Dan Niles, a former analyst who is now a portfolio manager, said on a CNBC appearance that the WWDC event actually had nothing of any real meat for investors

From Worldwide Developer’s Conference Prompts Analysts to Raise Apple Price Targets – 24/7 Wall St.

The “investors” that Dan Niles refers to are undoubtedly those who invest (or, more accurately, speculate with) money. But the audience for the event was an entirely different set of investors. These investors[1] invest their passion, intellect and a substantial fraction of their lives with Apple.

For them WWDC had a great deal of meat. Indeed, for them, it was probably the most significant event Apple ever staged.

The path to realizing this is to imagine the world as the “D” in WWDC see it.
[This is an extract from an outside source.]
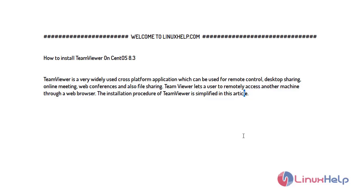Welcome to linuxhelp.com. For today's topic, I will show you how to install and configure TeamViewer on CentOS 8.3. TeamViewer is a widely used cross-platform application which can be used for remote control, desktop sharing, online meetings, web conferences, and file sharing. TeamViewer lets users remotely access another machine through a web browser. Now let's start the procedure.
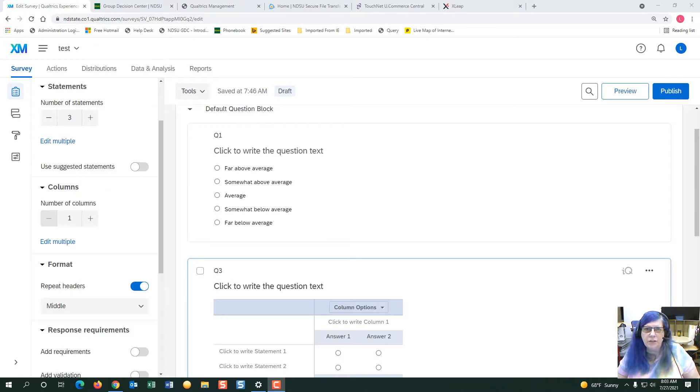Hi, I'm Linda Charlton. I'm going to show you how to recode your values on your survey. Let's get started.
Developers don’t just build. Using an analogy of building or construction, they are architects and designers as well as contractors and craftsmen and artists as well as builders. And not of just of houses but of cities and communities. They see and think through tools and techniques for building and innovations in building materials. Innovations which allow them to imagine first and, later, to build new cities in ways that were never before possible.

We were therefore witnesses to an event which was, in essence, a cement conference. A new building material was introduced along with the methods for using it and the tools for shaping it. Perhaps some observers expected to see skyscrapers and interstate highways presented, and thus were disappointed. But they should not have had such expectations. A cement conference is esoteric. It’s about the rudiments which, when combined with imagination, ingenuity and a lot of work, generate livable spaces.

A few spaces go beyond comfort and delight us. Fewer still enlighten and cause the sprit to soar.

And yet it was still a cement conference.

Perhaps the way to understand the show better would be to “play it backwards.” Rather than the way it was presented, let us begin with the end:

We were shown a new concrete formulation which when coupled with a new way of mixing, forming and curing can lead to increases in productivity of construction. This is especially true when producing shapes that are complex, intricate and built into modules.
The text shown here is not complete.